9. Em Fevereiro de 2009, a liberdade neoliberal do colonial Estado-nação monocultural é repentinamente posta em crise pela reconstituição da liberdade comunitária, através de um Estado plurinacional de caráter descolonial. Então, os protestos e as mobilizações dos mestiços colonizados, das classes coloniais e dos intelectuais burgueses ou alienados não se fazem esperar. E de cara eles começam a sentir talvez o mesmo que nós sentimos quando fomos submetidos e educados à força pelos europeus. Às vezes parece certo que, finalmente, os últimos serão os primeiros. Eles, os ocidentalizados, descobriram que a sua concepção de liberdade está em perigo. Por isso, a oligarquia está disposta a sacrificar vidas alheias por essa liberdade que tanta corrupção, suborno, vingança e chantagem lhes custou. Os nossos antepassados, Tupak Katari, Bartolina Sisa ou tantos outros e outras, foram infinitamente mais honrados: não ofereceram vidas alheias, mas as próprias, para restabelecer uma liberdade cujo destino era sempre preservar o Sumaj Kawsay e o Suma Qamaña. Porque os oligarcas e os políticos de direita não fazem o mesmo pela sua “liberdade”? Porque, em vez de darem faces alheias, não dão as suas? A que se deve que eles não possam sacrificar um pouco do seu sangue por uma liberdade que tanta mentira mediática e jornalismo perverso lhes custa?
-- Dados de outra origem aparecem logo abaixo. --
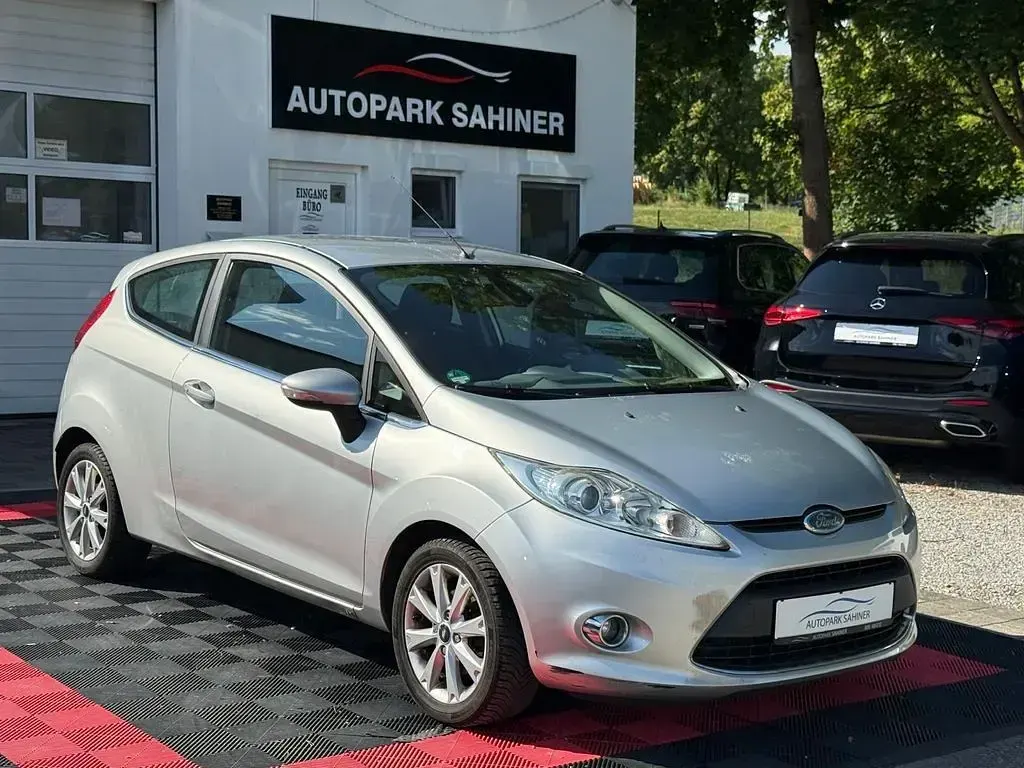 Gebraucht Ford Fiesta Ghia 82 PS (60 kW) 2009 Silber Limousine
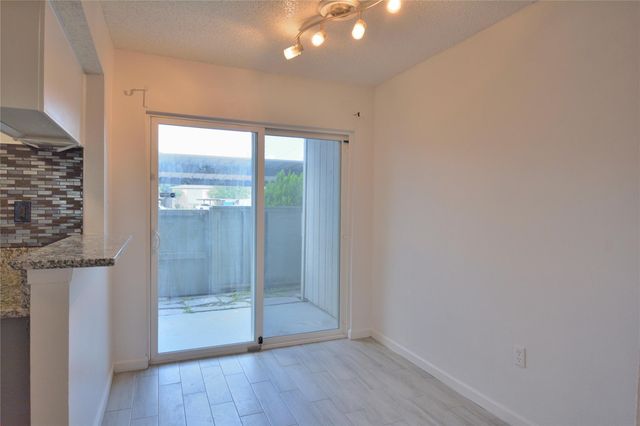 260 El Dorado Boulevard 204, Houston, TX 77598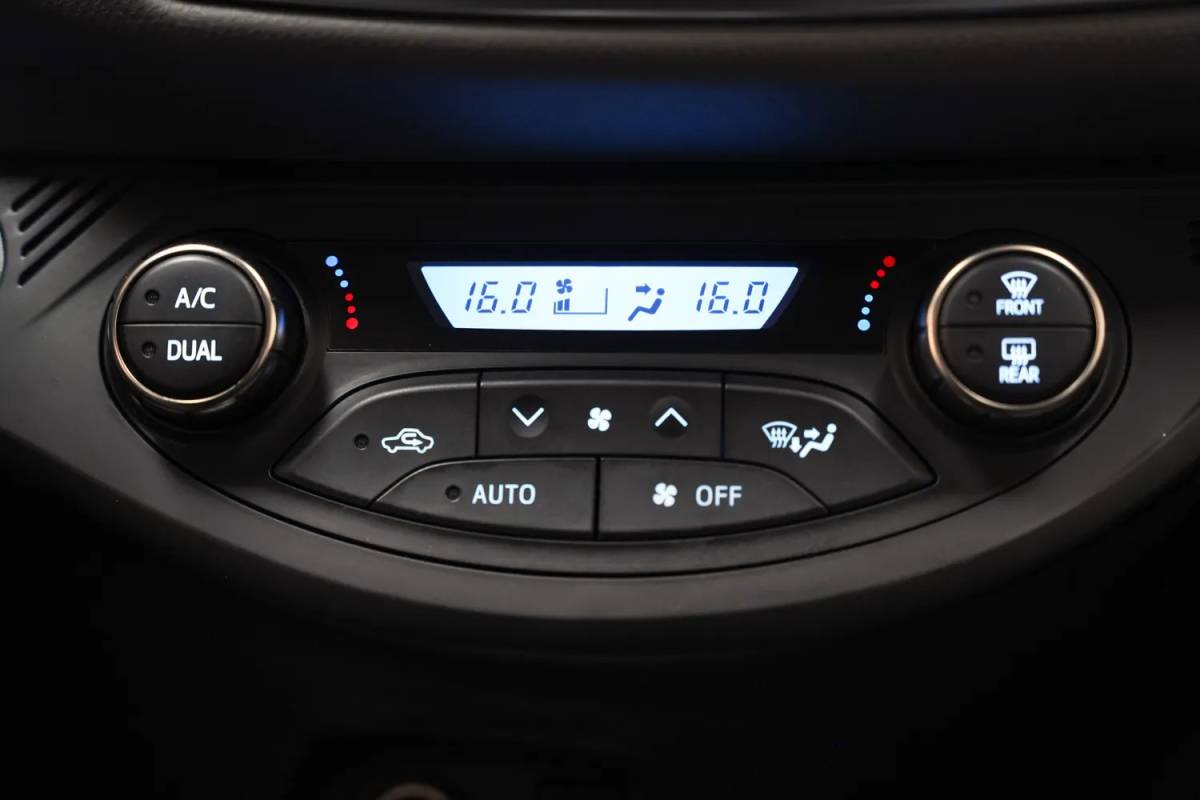 Toyota Yaris Toyota Yaris 1.5 Hybrid Lease Aut. [ Camera Clima Cruise Bluetooth ]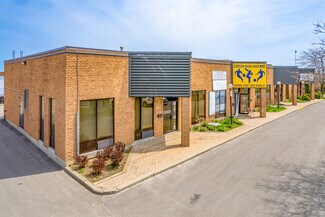 Plus de détails pour 595 Middlefield Rd, Toronto, ON - Industriel/Logistique à louer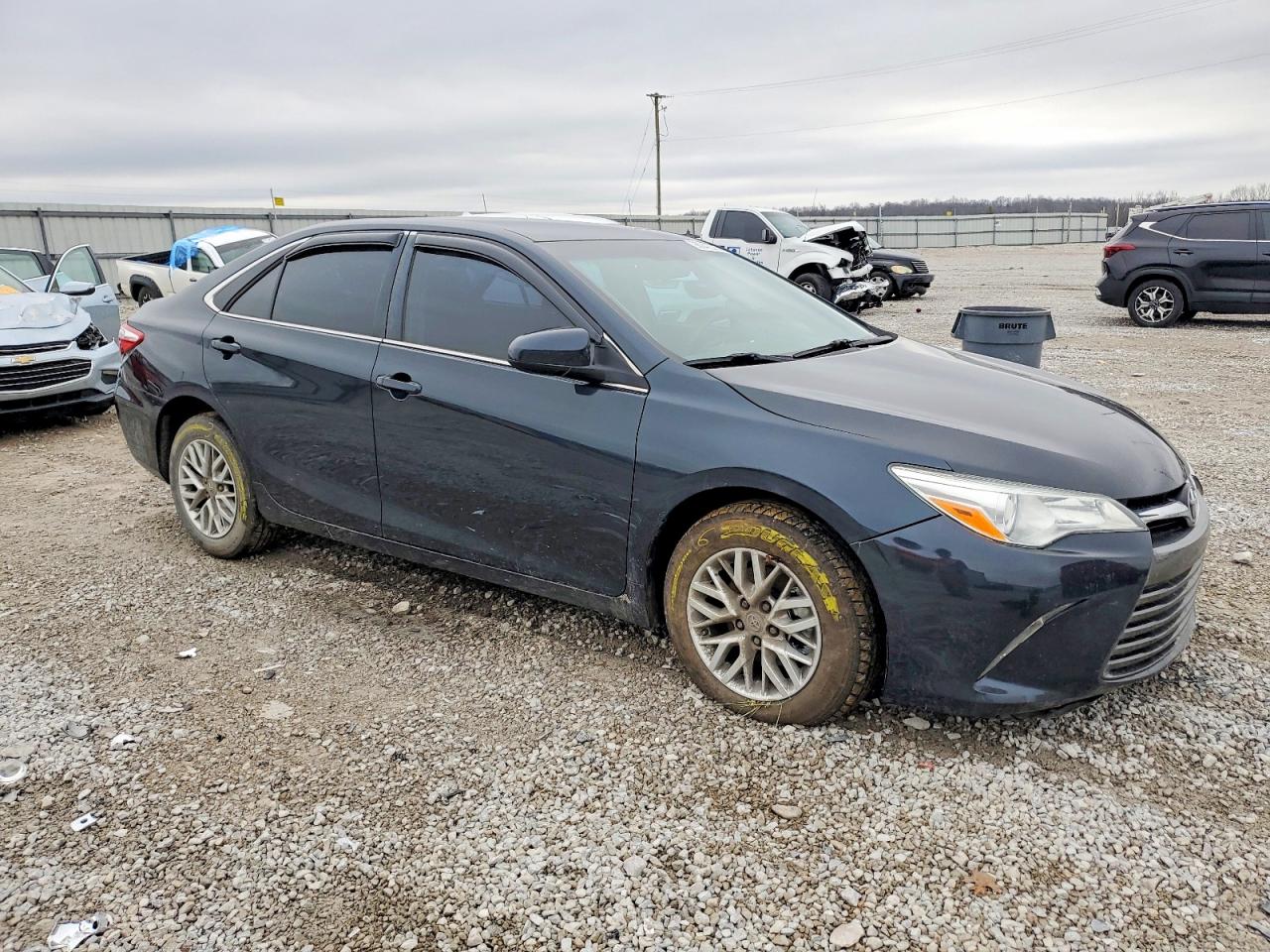 2016 TOYOTA CAMRY LE photo 4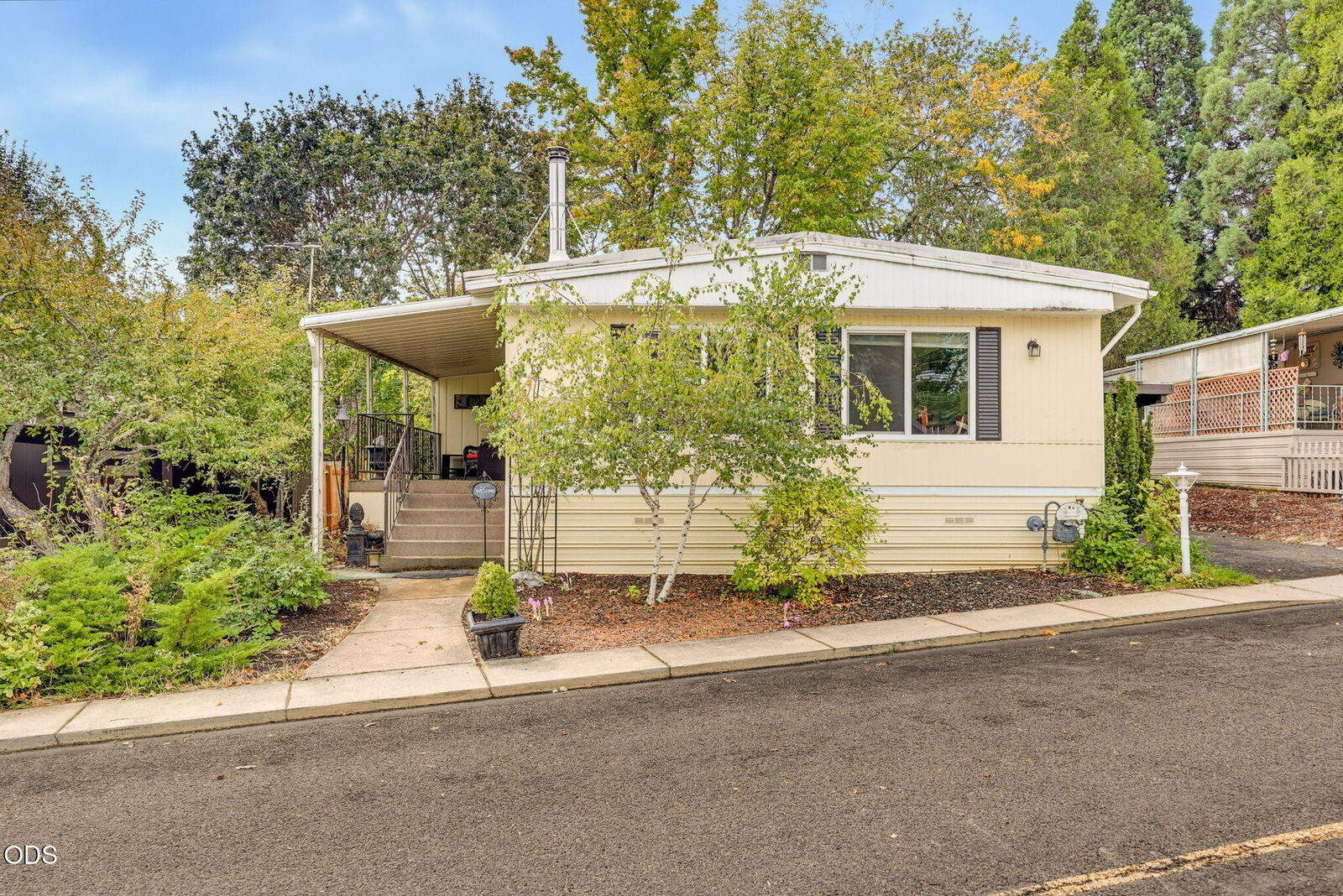 Property Photo:  1055 N 5th Street Unit 86  OR 97530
A sua cobardia é uma prova de que, talvez, a sua concepção de liberdade não seja tão valiosa como acreditam.

 

10. Nós, os quéchuas e os aymaras, acreditamos que se iniciou a época da conquista e da dominação da liberdade neoliberal por parte da liberdade comunitária dos povos indígenas. A pergunta é se devemos proceder “olho por olho e dente por dente”, conforme o ditame do Antigo Testamento dos crentes católicos, ou antes aceitar que chegou a hora de os mestiços colonizados, a classe média e a oligarquia aceitarem aprender também de nós, já que eles não têm uma cultura historicamente própria para ensinar. A segunda opção é saudável e não custará tanto cinismo, hipocrisia ou falsidade como a liberdade colonial do mundo ocidental instalada na ex república da Bolívia. Lutar por esse tipo de liberdade, aquela que serve só para dar glórias ao “eu”, conduz unicamente à morte, pois um dos imperativos para a sua realização é a tendência para a suspensão política da ética (comunitária, claro): a exclusão e/ou eliminação de outros “eus” às vezes por vias honradas. Estar dispostos a aprender a concepção comunitária de liberdade, por sua vez, conduz a todos ao Sumaj Kawsay, Suma Qamaña ou Viver bem em sociedade ou comunidade.

 

11. O tempo para que os mestiços e os oligarcas sejam terrivelmente generosos connosco, os quéchuas, aymaras ou guaranis, deve chegar ao seu fim. A vida de um herói mestiço ou crioulo não vale mais do que a morte de um indígena. Em todo o caso, vários séculos de luta pela liberdade comunitária, para nós, são mais importantes do que um dia de hora cívica na história dos mestiços, da classe média e da oligarquia do ex Estado colonial e neoliberal dos séculos XIX e XX.